I had metal detected before back in the states when I was in college in the early 90's as a pastime. It was always a rush to find that one Mercury dime or even a wheat penny out of the dozens of trash pull tabs and rotten zinc pennies. This though was a rush of a higher order. I'd been anticipating the eventuality prior to the trip and to bolster these hopes I'd brought with me a new metal detector even though I was afraid to use it, or even get caught with it still boxed up, as it's outlawed in many European countries. And using it within the boundaries of an archaeological park was unthinkable. Which made that day's find all the more sweet considering I'd had the luck to find it while just walking around. It was just there, sitting on the ground a shade of green like a sliver of the Statue of Liberty against the earth and only a few inches off a sidewalk built by men who spoke Latin and whose great-great-great-grandchildren died many centuries ago. Who knows how many people had walked that same length of sidewalk since then, starting from the original owner whose careless slip may have cost him a reprimanding perhaps but whose next owner would so enthrall him?

Finding a Roman coin in Grumento, Italy

I did not want to spare the ultra-geekiness of the occasion. For a couple of minutes I savored, really relished, this feeling, ineffable to description, of knowing I at last held a man-made object whose direct line of ownership passed from one anonymous Roman to me with no intermediaries howsoever temporary. Wondrous though the experience had been of handling hundreds of thousands of other ancient coins prior to this moment that all really paled in the transcendence of the link I felt on that wintry day in Grumento. And then, after I exhausted that high, came an unexpected question from my conscience: "What do I do with it?"

I think that deep down I knew I was going to take it but at the moment my superego, that Freudian construct more familiar as the metaphor of the angel-on-the-shoulder counterweight to the devil on the other side, sure put up a respectable fight. A museum with a scrappy, low-budget display of finds from previous archeological digs within the park, should be told about this find. Maybe even left in situ while the staff dutifully took notes of the location and prepare records that in some small way help humanity understand itself. But in my fantasies no denouement figured in such a selfless act to martyr my desire for possessing this ratty little piece of metal. And it was so dirty, so thoroughly featureless under corrosion, that even in my professional capacity I would have been unable to say virtually anything about it. So into my pocket it went and eventually flew Continental from CDG to ORD and then to its new home halfway around the world in Washington state where it sits on the pedestal of my monitor and gets an appreciative rub or two every day.

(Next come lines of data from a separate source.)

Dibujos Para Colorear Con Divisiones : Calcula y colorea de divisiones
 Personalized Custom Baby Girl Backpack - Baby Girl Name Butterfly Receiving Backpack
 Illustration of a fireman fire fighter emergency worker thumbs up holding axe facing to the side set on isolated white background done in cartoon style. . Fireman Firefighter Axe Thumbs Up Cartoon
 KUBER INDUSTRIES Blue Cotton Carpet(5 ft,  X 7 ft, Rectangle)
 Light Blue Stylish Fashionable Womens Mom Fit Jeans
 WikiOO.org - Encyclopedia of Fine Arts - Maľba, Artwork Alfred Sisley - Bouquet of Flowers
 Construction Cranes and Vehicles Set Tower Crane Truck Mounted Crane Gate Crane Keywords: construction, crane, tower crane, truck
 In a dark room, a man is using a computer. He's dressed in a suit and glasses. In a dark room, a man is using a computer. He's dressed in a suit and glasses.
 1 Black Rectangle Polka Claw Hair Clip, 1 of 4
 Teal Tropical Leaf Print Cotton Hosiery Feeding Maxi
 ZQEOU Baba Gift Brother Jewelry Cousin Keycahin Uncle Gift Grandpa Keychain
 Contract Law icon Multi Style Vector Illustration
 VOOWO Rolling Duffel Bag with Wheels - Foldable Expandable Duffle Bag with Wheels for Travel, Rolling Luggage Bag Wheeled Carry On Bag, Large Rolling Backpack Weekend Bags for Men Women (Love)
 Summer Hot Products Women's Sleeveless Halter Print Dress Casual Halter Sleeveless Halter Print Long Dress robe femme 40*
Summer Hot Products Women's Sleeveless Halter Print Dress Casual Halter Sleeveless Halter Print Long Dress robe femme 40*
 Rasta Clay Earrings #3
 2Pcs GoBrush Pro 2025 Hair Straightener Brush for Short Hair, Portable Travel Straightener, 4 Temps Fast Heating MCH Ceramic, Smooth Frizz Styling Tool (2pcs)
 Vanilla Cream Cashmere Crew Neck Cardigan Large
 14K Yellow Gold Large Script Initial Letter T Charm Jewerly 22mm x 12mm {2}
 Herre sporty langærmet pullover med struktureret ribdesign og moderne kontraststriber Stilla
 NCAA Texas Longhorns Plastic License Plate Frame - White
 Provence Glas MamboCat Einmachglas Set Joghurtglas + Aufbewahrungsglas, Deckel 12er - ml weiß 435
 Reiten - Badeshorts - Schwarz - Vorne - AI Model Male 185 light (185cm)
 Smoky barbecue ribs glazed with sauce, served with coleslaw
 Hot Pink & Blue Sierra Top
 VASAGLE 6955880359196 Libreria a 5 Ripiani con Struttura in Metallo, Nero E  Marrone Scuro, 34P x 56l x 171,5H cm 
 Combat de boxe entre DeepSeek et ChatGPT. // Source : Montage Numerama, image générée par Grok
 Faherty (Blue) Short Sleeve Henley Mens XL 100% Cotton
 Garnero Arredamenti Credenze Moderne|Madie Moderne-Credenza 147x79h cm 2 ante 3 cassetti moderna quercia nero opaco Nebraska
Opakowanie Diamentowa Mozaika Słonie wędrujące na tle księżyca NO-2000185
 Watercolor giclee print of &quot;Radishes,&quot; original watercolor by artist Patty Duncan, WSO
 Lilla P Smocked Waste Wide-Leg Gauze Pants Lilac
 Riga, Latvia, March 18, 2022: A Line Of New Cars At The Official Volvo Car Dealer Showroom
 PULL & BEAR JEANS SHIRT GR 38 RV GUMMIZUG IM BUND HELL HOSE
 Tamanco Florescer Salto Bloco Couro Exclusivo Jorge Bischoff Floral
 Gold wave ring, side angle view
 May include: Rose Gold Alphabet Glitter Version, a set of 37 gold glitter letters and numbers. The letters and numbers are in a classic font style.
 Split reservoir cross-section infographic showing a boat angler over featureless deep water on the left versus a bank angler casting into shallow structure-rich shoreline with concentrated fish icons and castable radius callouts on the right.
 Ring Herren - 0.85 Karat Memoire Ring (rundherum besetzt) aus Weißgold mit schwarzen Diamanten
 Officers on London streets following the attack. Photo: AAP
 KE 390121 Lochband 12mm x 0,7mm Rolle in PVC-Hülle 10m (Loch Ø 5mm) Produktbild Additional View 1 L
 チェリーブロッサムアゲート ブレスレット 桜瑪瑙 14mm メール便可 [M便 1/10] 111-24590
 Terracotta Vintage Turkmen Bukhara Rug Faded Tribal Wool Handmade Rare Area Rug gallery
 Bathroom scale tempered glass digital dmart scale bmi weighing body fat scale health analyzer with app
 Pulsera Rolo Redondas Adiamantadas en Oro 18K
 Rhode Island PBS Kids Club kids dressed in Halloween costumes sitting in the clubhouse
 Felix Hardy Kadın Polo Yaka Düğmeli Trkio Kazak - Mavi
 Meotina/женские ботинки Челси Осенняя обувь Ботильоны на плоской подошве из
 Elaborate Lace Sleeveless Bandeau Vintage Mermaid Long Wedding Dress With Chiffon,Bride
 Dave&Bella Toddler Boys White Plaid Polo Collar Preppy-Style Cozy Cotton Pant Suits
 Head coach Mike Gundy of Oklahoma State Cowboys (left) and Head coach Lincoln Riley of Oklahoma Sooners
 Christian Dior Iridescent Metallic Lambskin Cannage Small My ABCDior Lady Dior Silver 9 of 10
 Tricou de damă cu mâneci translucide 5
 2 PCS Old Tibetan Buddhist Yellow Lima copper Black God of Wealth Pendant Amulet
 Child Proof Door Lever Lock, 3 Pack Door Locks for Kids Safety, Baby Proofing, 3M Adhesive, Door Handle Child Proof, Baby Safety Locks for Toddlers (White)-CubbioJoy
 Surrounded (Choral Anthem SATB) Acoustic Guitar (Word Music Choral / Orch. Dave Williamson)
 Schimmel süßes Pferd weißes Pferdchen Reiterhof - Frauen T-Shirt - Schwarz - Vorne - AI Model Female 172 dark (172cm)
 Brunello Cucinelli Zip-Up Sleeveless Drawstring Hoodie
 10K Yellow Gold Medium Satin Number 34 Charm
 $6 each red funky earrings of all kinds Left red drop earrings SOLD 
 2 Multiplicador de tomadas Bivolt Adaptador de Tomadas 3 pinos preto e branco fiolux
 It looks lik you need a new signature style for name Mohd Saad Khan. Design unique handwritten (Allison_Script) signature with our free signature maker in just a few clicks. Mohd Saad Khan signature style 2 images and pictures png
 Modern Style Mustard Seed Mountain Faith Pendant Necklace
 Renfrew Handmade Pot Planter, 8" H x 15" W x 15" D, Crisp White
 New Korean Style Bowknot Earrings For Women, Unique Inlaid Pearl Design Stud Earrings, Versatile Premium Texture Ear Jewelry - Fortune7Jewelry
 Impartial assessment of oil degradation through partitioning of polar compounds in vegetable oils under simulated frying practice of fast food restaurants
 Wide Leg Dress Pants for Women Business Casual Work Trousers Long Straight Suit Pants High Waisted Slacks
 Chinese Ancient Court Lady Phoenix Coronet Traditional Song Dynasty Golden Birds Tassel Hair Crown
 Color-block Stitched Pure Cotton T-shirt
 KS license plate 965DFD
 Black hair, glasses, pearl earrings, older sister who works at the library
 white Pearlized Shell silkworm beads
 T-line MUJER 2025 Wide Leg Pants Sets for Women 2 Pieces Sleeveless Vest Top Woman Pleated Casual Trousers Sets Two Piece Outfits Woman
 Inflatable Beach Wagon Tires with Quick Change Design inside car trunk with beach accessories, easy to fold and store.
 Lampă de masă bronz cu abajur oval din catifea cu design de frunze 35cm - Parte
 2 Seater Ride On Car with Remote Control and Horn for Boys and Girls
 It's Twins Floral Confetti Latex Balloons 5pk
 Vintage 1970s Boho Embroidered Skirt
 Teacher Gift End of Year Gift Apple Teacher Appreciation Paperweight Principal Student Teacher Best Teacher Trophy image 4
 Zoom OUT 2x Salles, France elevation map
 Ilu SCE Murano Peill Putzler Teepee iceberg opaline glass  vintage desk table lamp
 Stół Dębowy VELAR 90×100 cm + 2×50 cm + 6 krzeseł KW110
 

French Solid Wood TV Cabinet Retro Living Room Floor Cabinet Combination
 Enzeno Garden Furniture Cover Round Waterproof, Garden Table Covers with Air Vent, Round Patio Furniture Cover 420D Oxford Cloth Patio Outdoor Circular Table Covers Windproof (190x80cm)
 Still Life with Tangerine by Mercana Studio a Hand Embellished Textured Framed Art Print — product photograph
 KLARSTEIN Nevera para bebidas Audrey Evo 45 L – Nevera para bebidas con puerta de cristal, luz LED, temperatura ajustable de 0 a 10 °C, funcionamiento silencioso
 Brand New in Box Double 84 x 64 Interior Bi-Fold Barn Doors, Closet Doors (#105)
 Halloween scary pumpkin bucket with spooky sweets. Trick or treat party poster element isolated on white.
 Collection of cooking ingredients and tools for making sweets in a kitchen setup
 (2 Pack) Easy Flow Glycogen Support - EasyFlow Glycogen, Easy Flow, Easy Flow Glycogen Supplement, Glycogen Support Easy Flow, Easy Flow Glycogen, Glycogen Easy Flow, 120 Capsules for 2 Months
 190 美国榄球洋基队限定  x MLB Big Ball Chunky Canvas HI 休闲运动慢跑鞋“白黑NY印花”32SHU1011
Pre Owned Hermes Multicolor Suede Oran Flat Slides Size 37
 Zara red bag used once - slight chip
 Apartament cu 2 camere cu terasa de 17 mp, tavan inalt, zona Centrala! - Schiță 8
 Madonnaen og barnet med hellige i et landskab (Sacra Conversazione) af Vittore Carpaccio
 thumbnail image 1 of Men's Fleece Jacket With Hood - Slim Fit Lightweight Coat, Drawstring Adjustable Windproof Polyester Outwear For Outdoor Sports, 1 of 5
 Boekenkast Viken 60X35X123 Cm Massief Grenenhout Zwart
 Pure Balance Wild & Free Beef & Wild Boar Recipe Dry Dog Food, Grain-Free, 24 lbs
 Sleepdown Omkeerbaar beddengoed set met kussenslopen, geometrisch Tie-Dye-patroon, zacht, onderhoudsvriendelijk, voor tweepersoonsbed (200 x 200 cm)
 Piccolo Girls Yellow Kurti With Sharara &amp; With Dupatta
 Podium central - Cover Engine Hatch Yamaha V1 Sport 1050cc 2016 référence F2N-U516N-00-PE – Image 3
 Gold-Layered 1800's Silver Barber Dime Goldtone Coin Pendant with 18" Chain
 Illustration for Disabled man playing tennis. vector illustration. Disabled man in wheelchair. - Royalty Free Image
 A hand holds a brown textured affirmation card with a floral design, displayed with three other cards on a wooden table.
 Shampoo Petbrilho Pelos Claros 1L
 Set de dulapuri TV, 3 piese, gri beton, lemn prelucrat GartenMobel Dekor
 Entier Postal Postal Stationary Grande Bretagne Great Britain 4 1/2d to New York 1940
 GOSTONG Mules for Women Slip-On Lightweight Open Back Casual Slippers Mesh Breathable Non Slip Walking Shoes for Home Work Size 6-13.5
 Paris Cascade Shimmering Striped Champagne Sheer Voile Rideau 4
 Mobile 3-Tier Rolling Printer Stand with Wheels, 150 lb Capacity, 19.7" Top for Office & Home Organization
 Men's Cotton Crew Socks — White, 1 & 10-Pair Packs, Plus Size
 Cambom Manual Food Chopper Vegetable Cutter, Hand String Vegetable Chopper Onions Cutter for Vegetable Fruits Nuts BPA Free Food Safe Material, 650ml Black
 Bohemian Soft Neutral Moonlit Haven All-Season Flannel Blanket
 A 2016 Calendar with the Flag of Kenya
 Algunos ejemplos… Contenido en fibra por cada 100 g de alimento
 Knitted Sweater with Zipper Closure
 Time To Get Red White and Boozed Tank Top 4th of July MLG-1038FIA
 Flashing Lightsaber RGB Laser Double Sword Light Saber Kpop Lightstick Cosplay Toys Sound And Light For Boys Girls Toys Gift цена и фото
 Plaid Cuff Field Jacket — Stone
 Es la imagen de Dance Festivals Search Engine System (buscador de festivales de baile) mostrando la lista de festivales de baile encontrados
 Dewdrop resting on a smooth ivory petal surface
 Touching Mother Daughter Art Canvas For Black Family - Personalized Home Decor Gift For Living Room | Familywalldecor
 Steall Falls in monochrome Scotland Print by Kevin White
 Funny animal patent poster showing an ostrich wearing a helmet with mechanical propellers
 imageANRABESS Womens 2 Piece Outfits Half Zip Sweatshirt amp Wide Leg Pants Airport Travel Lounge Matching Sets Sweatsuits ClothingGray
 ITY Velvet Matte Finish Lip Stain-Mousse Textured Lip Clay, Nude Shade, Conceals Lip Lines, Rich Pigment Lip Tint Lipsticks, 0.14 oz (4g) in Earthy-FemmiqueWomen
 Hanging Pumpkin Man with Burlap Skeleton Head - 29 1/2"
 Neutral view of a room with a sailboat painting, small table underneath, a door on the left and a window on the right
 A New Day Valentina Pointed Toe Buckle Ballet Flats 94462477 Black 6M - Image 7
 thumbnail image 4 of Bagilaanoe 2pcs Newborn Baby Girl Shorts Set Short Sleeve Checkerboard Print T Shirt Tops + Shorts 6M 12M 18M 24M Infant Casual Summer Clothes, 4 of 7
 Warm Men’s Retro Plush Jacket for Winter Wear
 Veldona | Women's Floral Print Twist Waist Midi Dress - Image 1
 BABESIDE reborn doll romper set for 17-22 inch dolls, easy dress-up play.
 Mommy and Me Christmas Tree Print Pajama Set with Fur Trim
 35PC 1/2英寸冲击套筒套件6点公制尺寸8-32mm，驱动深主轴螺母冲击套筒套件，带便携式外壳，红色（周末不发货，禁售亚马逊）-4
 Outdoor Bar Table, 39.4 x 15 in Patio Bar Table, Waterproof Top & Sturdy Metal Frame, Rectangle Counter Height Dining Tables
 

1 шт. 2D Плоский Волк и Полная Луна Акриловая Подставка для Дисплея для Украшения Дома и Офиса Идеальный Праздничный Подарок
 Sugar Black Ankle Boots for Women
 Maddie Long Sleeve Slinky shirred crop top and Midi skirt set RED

In the grand scheme of things I justified my taking the little coin a million different ways including, most compellingly perhaps, that an act of publishing such as this would be an honor the coin would never have received in the otherwise unremarkable storage it would have gotten at the local museum. All the same, the fact that I struggled - am obviously *still* struggling - indicates my guilt at not sacrificing my selfish desire for the greater good of the public. But have I really done any wrong?

For now, I'm okay with leaving the question unanswered. In the meantime, I can say that after having rubbed it daily for a couple of years the coin has revealed the faintest outlines of a portrait and even the merest whisper of letters "IVS". The tails side still eludes complete certainty but am now fairly convinced it is an ordinary FEL TEMP REPARATIO soldier-spearing-horseman type; perhaps the most ordinary of all Roman coins minted by one its most prolific minters, Constantius II. Ordinary, yet so extraordinary!